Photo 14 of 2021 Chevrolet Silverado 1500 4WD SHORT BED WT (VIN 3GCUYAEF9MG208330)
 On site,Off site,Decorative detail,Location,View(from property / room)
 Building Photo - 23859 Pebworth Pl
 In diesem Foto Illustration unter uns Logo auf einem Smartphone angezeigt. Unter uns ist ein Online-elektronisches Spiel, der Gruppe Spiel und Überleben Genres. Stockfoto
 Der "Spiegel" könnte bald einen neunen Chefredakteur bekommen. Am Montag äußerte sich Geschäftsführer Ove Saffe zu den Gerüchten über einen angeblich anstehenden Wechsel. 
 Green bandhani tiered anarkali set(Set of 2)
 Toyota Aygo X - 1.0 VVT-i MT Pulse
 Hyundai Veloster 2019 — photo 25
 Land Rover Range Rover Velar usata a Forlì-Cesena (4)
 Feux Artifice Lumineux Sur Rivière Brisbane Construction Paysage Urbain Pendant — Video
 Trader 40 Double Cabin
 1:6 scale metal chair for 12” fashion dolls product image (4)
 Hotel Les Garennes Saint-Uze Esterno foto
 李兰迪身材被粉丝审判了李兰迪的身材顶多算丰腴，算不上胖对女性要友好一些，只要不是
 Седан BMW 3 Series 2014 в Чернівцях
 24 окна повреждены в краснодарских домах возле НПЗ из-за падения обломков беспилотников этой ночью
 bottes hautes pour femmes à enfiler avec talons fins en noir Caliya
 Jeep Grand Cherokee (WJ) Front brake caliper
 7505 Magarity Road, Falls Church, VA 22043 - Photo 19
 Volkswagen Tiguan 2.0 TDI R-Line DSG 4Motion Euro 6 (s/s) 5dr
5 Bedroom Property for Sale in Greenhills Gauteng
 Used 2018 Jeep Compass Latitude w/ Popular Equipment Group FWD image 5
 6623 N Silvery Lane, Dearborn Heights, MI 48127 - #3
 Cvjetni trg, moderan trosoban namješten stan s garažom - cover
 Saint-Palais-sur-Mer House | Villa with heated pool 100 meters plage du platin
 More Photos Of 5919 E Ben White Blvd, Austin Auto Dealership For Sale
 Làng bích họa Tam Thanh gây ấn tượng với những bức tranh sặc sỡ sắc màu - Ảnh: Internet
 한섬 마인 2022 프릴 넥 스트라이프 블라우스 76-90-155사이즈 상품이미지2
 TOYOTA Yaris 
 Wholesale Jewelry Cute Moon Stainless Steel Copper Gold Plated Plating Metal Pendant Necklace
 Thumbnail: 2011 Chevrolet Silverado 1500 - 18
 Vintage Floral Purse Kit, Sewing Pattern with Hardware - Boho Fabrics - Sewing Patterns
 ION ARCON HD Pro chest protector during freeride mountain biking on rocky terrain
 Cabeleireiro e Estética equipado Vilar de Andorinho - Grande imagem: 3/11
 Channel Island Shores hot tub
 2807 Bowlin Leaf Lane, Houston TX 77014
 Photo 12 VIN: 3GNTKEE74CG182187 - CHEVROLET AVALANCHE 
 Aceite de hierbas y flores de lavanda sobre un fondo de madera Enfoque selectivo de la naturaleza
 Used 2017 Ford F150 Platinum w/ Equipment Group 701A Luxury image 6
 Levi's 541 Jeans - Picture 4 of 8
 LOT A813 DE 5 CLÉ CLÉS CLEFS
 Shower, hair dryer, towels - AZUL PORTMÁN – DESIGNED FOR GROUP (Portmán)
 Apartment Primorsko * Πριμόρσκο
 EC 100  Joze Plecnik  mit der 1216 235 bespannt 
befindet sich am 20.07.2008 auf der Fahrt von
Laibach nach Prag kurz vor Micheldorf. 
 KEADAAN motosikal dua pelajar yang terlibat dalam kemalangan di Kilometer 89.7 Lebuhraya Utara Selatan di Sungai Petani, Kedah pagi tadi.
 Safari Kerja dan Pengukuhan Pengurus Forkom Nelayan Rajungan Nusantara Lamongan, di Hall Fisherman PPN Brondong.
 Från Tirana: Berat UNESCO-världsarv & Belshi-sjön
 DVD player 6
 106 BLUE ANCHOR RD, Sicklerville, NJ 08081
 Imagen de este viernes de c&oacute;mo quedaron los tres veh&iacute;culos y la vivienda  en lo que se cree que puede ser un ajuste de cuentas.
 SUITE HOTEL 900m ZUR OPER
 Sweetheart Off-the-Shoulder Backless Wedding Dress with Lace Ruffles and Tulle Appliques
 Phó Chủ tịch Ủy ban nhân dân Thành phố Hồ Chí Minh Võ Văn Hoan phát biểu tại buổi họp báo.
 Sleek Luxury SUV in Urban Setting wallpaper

☆ ☆ ☆ ☆ ☆ ☆ ☆

§ Work item:
Find each line in the records holding the string "with" and show it.

§ Result below:
 Saint-Palais-sur-Mer House | Villa with heated pool 100 meters plage du platin
 Vintage Floral Purse Kit, Sewing Pattern with Hardware - Boho Fabrics - Sewing Patterns
 Sweetheart Off-the-Shoulder Backless Wedding Dress with Lace Ruffles and Tulle Appliques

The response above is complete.